## Record extracts
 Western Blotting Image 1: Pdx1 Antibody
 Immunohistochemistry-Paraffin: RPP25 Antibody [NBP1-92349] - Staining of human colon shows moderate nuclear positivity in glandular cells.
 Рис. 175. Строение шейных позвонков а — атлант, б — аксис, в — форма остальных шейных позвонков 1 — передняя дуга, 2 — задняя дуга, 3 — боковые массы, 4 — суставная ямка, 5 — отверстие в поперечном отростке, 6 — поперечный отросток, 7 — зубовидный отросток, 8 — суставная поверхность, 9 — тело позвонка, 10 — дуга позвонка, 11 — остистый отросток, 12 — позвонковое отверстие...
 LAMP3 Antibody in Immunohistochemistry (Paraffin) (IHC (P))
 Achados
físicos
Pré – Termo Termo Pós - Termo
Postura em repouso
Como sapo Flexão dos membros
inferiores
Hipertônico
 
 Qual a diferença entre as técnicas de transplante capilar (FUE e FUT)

--

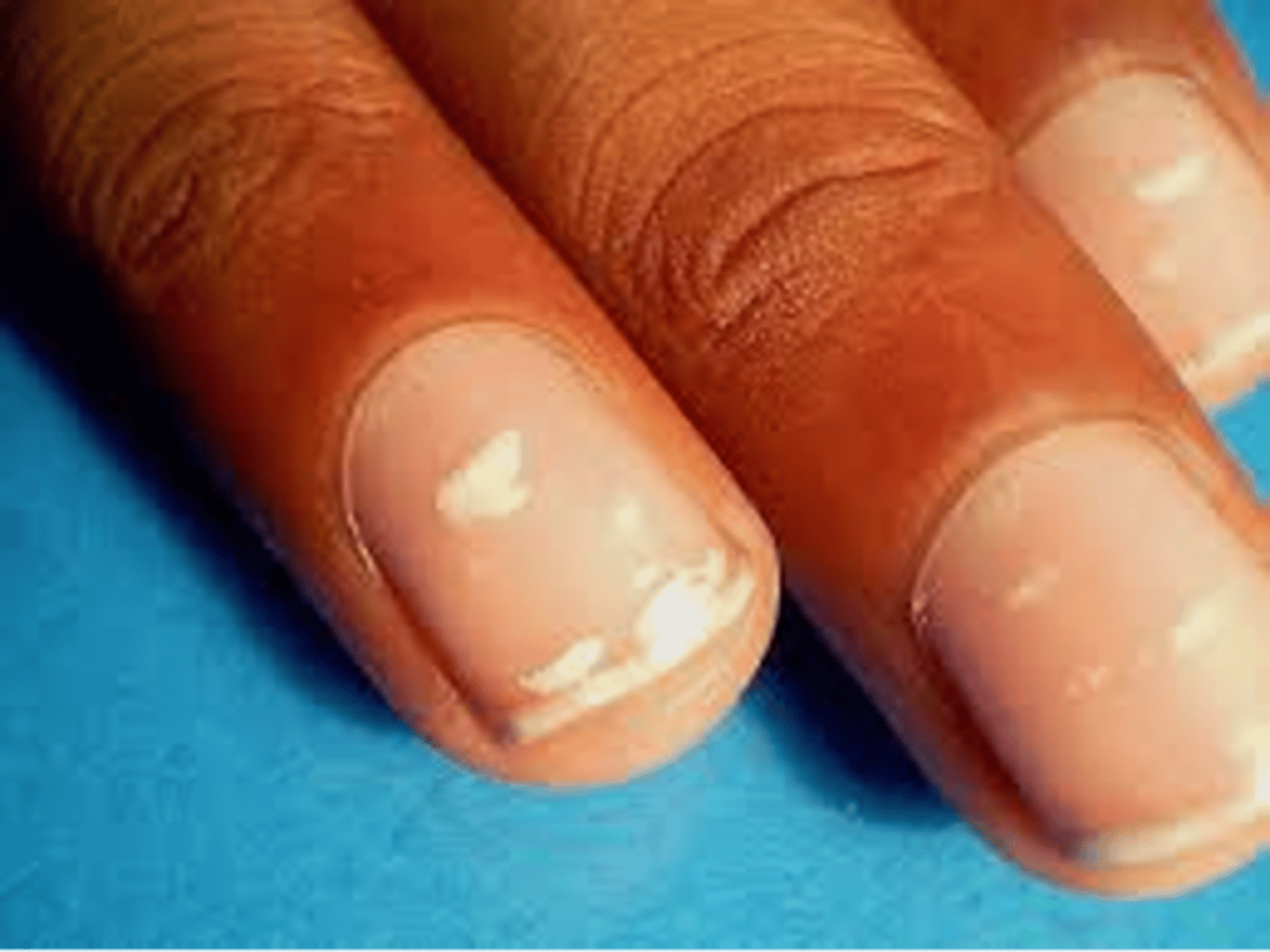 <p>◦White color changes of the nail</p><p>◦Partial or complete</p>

==

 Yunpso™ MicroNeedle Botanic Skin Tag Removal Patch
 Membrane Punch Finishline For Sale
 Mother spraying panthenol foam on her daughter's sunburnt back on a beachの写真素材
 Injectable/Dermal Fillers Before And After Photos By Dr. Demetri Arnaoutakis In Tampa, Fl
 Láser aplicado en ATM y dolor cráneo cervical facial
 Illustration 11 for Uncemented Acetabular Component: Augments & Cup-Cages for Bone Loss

## Work request
Among the lines above, which contain the word "Antibody"? Copy every one.

## Response to the task
 Western Blotting Image 1: Pdx1 Antibody
 Immunohistochemistry-Paraffin: RPP25 Antibody [NBP1-92349] - Staining of human colon shows moderate nuclear positivity in glandular cells.
 LAMP3 Antibody in Immunohistochemistry (Paraffin) (IHC (P))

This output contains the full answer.